The story of the peddler goes as follows. A maid working in the Hydesville home befriended a peddler who was selling household goods. The maid took the peddler to her employer’s home where he reportedly stayed for some time, evidently a welcome guest of the homeowners.
Then one day the maid, who had worked for the family for many years, was suddenly fired with no explanation.
Her term of unemployment however would be short as the family called her back after just a week. Though still puzzled by her sudden firing, the maid quickly accepted the offer and returned to work. All appeared to be normal and she quickly got back into her daily routine of cleaning and cooking. There was one change however, the peddler was gone, perhaps he had moved on looking for new sales.

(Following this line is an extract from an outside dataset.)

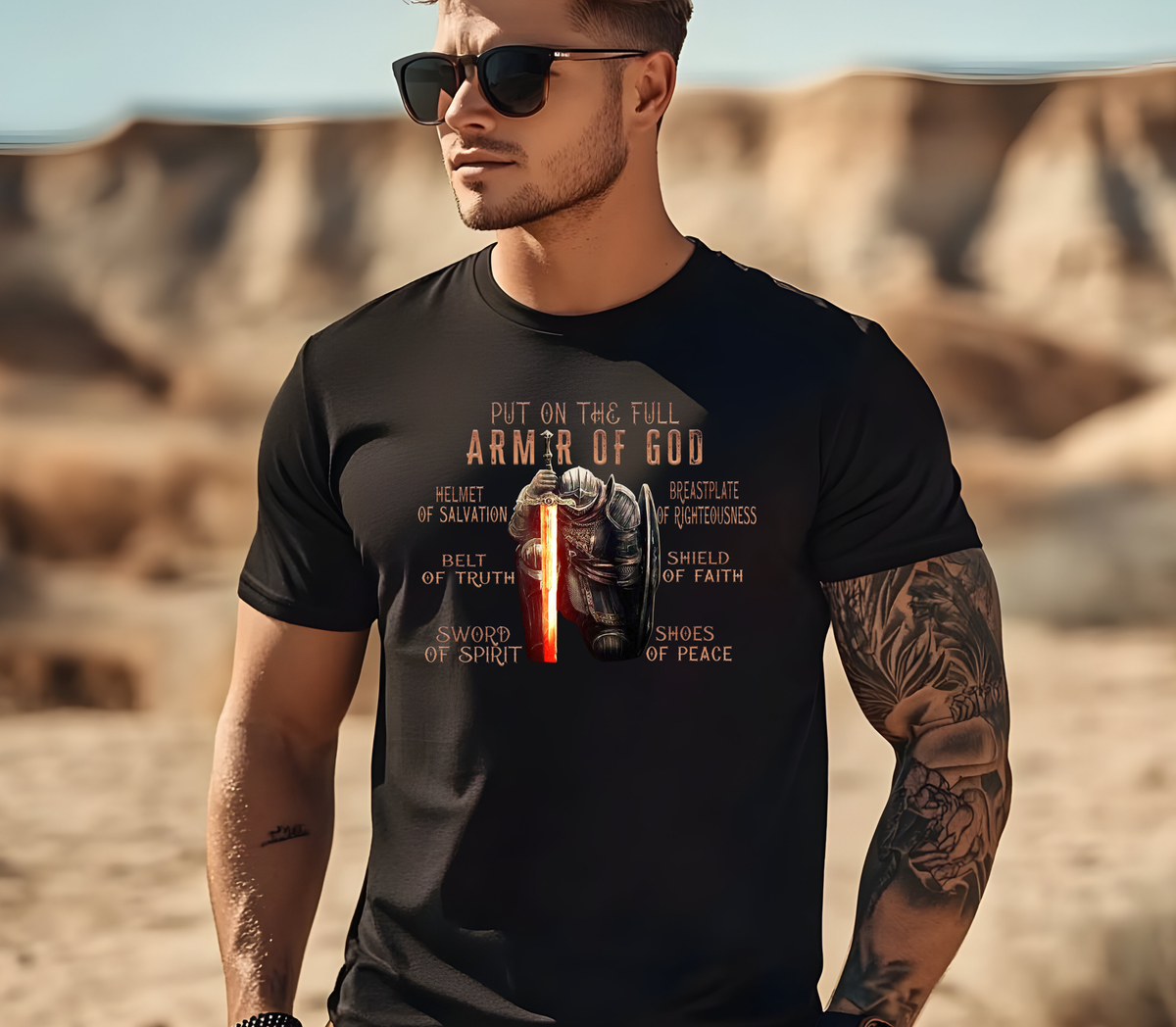 Men’s Faith Based T-Shirt Featuring the messages “Put On The Full Armor Of God, Helmet Of Salvation, Belt of Truth, Sword of Spirit, Breastplate of Righteousness, Shield of Faith & Shoes of Peace”.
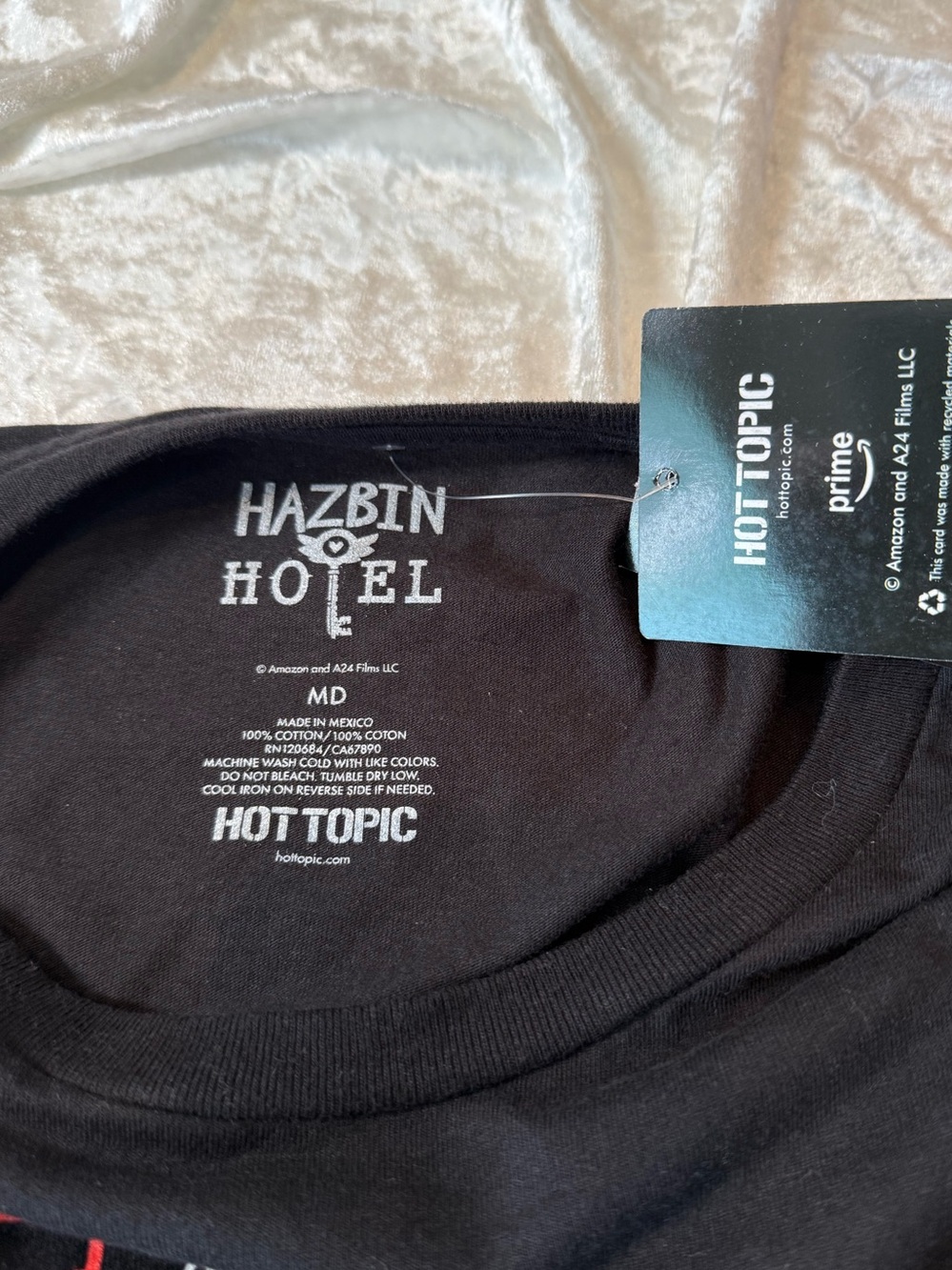 Hot Topic Hazbin Hotel Layered Graphic Tee Black Red Long Sleeve NWT M Cartoon - Picture 5 of 13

She really didn’t give the matter a great deal of thought. What she did think was somewhat odd, was that the family appeared to have purchased all the goods that the peddler had to sell, every last item. Before long rumors began to circulate that the peddler had been murdered, buried in the basement and now haunted the home.
The story probably have remained just a local legend had not a new family moved into the home, the Fox family. The family included three daughters, Leah the oldest, Margaret (Maggie) age 15, and Kate age 12. The haunting of the Fox family began in 1848, when Leah and Maggie reported hearing clicking sounds. Before long the girls claimed to be able to communicate with the clicking spirit.

By making their own clicking sounds, clapping and just verbal commands the two, now joined by older sister Leah, claimed to be in communication with a spirit called “Mr. Splitfoot.” The Fox sisters amazing abilities of spirit communication made them celebrities, with Leah running the business side of things and her younger sister’s performing the demonstrations. The Fox sisters continued to claim to be able to communicate with the dead for many years and they were key to the creation of a new religion, Spiritualism.
At one point the sisters told of how, in search of the truth behind the murdered peddler, they searched for previous owners of the home. What they found was a family named Bell. The claim was that it was in fact the Bell’s who had killed the peddler and buried him in the basement. The girls also claimed that the peddler was a man named Charles B. Rosma. There was never any proof that any of this was true.
In 1888, Some forty years after the Fox sisters first claimed to be able to talk to the dead, Maggie made a confession, the whole thing was a hoax. There was no peddler buried in the basement, they couldn’t communicate with spirits of the dead, they made it all up.
About a year later Maggie tried to recant her confession but the damage had been done. Less than five years after Maggie’s confession the Fox sisters would be dead, after living in abject poverty at the end. Despite the confession, Spiritualism continues to this day.